Growth of S. enterica serovar Typhimurium strains in the presence of polymyxin B. The wild-type (14028s), pmrA (JSG421), and pmrA ΔpagL (KCS208) strains cultivated in the growth medium (pH 5.8) as described in Materials and Methods were diluted 1:10 with fresh growth medium (pH 5.8). Then, the cells were grown at 37°C in the presence (A) or absence (B) of 1 μg/ml of polymyxin B. The results shown are representative of at least two independent experiments. OD₆₀₀, optical density at 600 nm.

FIG. 6.

MALDI-TOF mass spectrometry of lipid A purified from pagL-null mutant strains transformed with a PagL expression plasmid. Wild-type (ATCC 14028s), pmrA (JSG421), and pmrA ΔpagL (KCS208) strains transformed with a PagL expression construct pWLP23 or the control vector pWKS30 were grown in the growth medium (pH 5.8), and their lipid A was analyzed with a MALDI-TOF mass spectrometer. The m/z values of lipid A species are shown, and those that represent deacylated lipid A species are denoted by asterisks.

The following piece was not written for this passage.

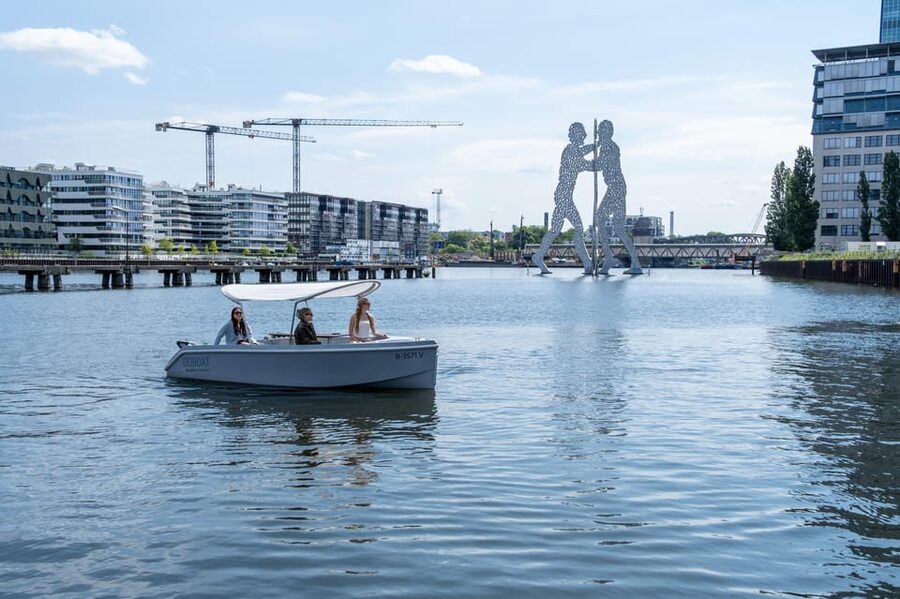 Berlin: Self-Drive Boat Tour - What the $69 group price really means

The structural interpretations of lipid A species are summarized in Table 2.

FIG. 7.

Introduction of PagL expression plasmids increased the resistance of the pagL-null mutant strain to polymyxin B. Wild-type (ATCC 14028s), pmrA (JSG421), and pmrA ΔpagL (KCS208) strains transformed with the control vector (pWKS30) or PagL expression construct (pWLP23) were cultivated in the growth medium (pH 5.8) and then treated with 0.9 or 1.0 μg/ml of polymyxin B. Percent survival is the average of triplicate measurements, and the error bars indicate standard deviations.

FIG. 8.

The attachment of phosphoethanolamine inhibited the deacylation of lipid A. The pmrE (KCS041) or pmrA (JSG421) strain transformed with pBAD24 (control vector) or pKK28 (PmrC) was cultivated in growth medium (pH 7.4) containing 0.2% (wt/vol) arabinose to induce PmrC expression under the control of the P_BAD promoter, and then its lipid A was analyzed with a MALDI-TOF mass spectrometer. The m/z values of lipid A species are shown, and those that represent deacylated lipid A species are denoted by asterisks. The structural interpretations of lipid A species are summarized in Table 2.